Sharing honors at the show entrance with three well-appointed booths were Judd Gregory, Brennan & Mouilleseaux, and Fiske & Freeman.
“I first came to this show with my grandmother,” said Lisa Freeman, who lives only eights miles away in Belmont in the farmhouse that she and her husband, John Fiske, bought from Lisa’s grandparents.
Fiske & Freeman’s English oak, needlework, metalware and pottery contrasted handsomely with formal American furniture at both Judd Gregory and Haines & Ruskin.
“I’ve never seen one like it,” Old Lyme, Conn., dealer Lee Haines said of his rare Rhode Island tenon arm Windsor chair in old paint, $4,800.
Many Weston Show exhibitors have participated for decades.
“We took over the booth from my mother, Esther Gilbert, who started in 1975,” said Southampton, Mass., dealer Sue Kozub.
“It’s always been a good show. We’ve been doing it since 1978. This is a preview you really sell at,” said South Yarmouth, Maine, dealer Barbara Adams.
Newcomers this year included Jim Yeager, a toy dealer from Lees Summit, Mo.; George and Debbie Spiecker of North Hampton, N.H.; and J. LiaBraaten Antiques of Annandale, Va. A specialist in English ceramics with an emphasis on creamware and drabware, LiaBratten, a former designer, tailored his display to his audience.
“Vermont’s about subtle beauty,” said the Virginia dealer.
Organized by Patti Prairie, the loan show, “Lost Vermont Images: The Spirit of a Place, Vermont Art, 1920–1970,” featured paintings from the collection of Lyman Orton, proprietor of the Vermont Country Store and chairman of the Orton Family Foundation, and Barbara Trask Melhado, an appraiser and trustee of the Southern Vermont Arts Center and the Vermont Historical Society. In addition to an important Rockwell Kent that hung over the front door, there were works by Aldro Hibbard, Wallace Fahnestock, Luigi Lucioni, Gene Pelham, Walton Blodgett, Kyra Markham, Bernadine Custer, Irwin Hoffman, Marion Huse, David Humphreys, Harry Shokler, Beatrice Jackson, Claude Dern, Paul Sample, Mead Schaeffer, Churchill Ettinger and John Clymer.
Dealers also made a point of bringing regional views.
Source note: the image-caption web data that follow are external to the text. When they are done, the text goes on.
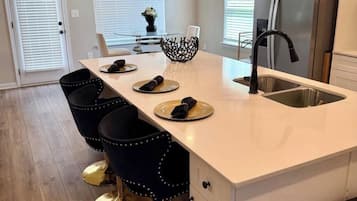 A modern kitchen with a central island, bar stools, a refrigerator, and pendant lighting.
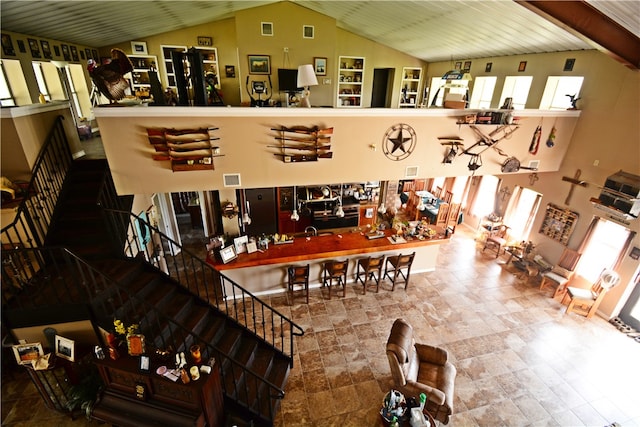 interior space with high vaulted ceiling and a wealth of natural light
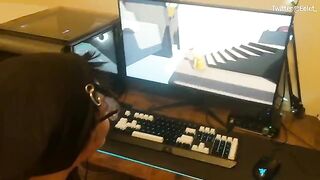 A couple has a fun challenge while playing video games and kissing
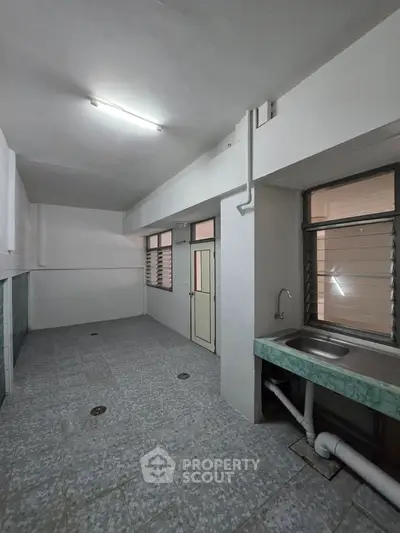 Spacious utility area with tiled flooring and sink, ideal for laundry or storage in a residential property.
A southern Vermont landscape by Charles Louis Heyde was $25,000 at Judd Gregory, Dorset, Vt.; George Spiecker unveiled a collection of Charles Curtis Allen paintings of Vermont, $2,400 to $3,800 each; and “Winter in South Londonderry” by William LaValley was $3,750 at Mad River Antiques, North Granby, Conn.
Accompanying the loan show was a 35-page illustrated color catalog, Lost Vermont Images, by Patti Prairie with a foreword by Senator James M. Jeffords and an introduction by Tom Slayton.